Work to complete: Each line from the one containing "Converse One Star Melon Baller photo 3" to the last line of the listing below is to be duplicated exactly, and no picture is to be carried over.

Source data:

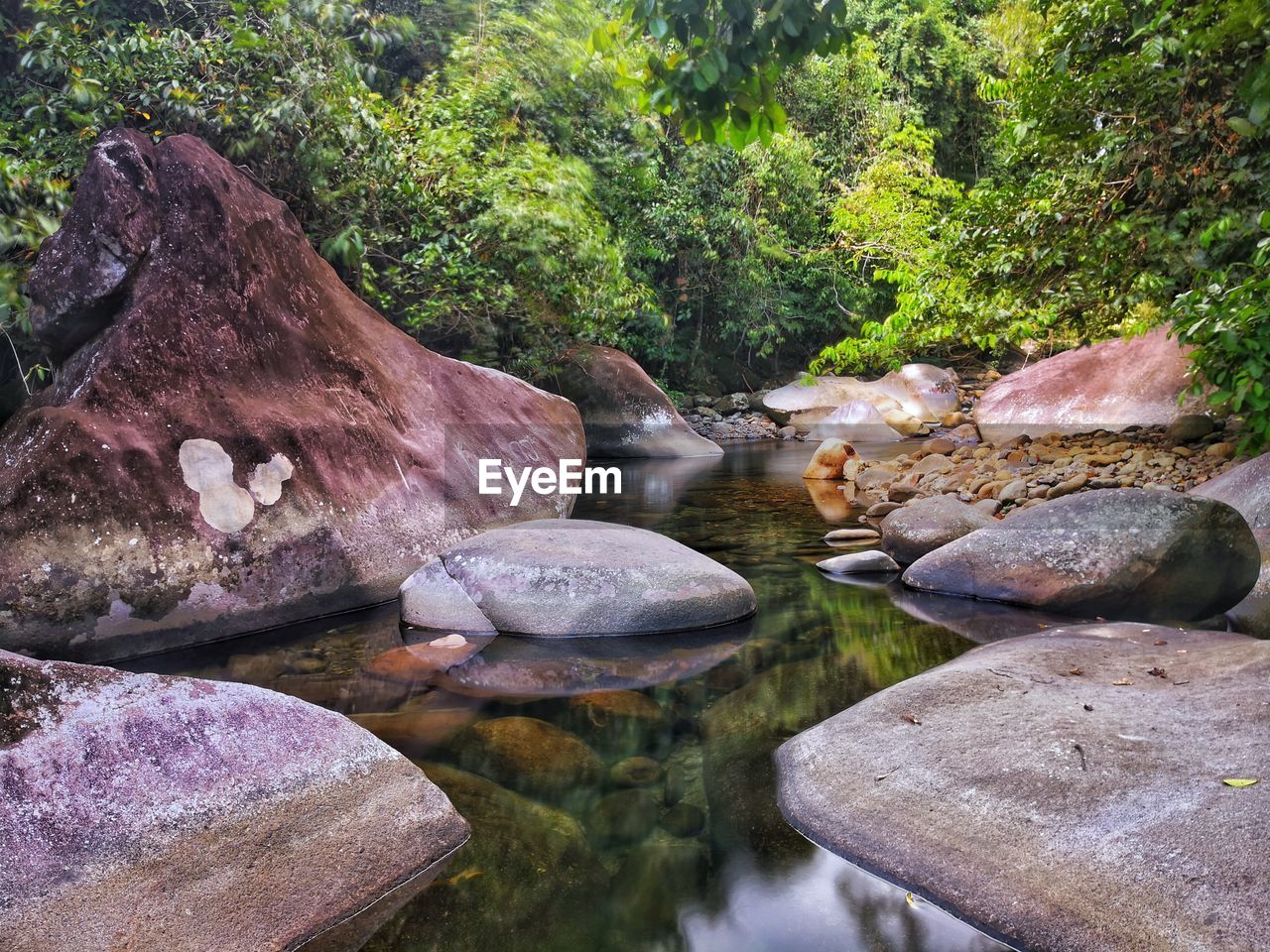 ROCKS IN FOREST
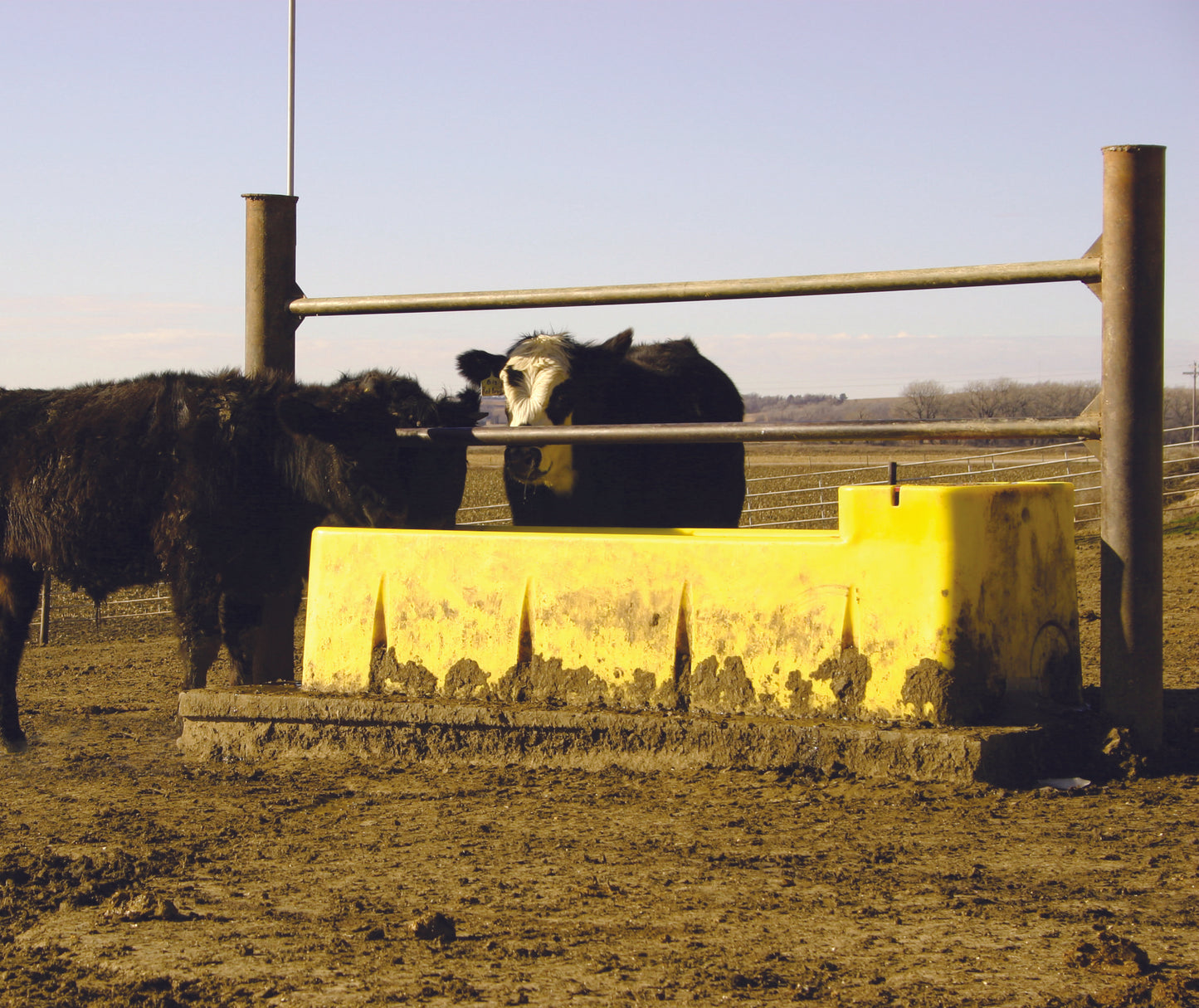 WaterMaster 90 16467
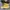 Converse One Star Melon Baller photo 3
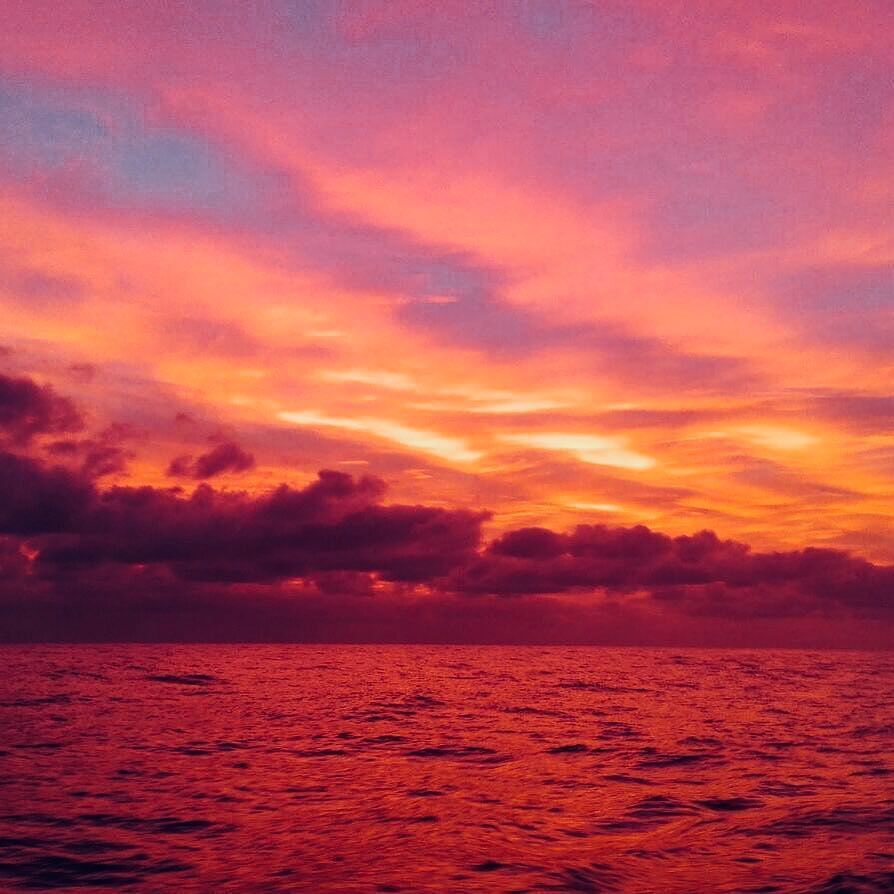 NorWesterSails's tweet photo. Sunset in front Portofino https://t.co/zie2TmD8vi https://t.co/0UXvsWO95C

Exercise output:
 Converse One Star Melon Baller photo 3
 NorWesterSails's tweet photo. Sunset in front Portofino https://t.co/zie2TmD8vi https://t.co/0UXvsWO95C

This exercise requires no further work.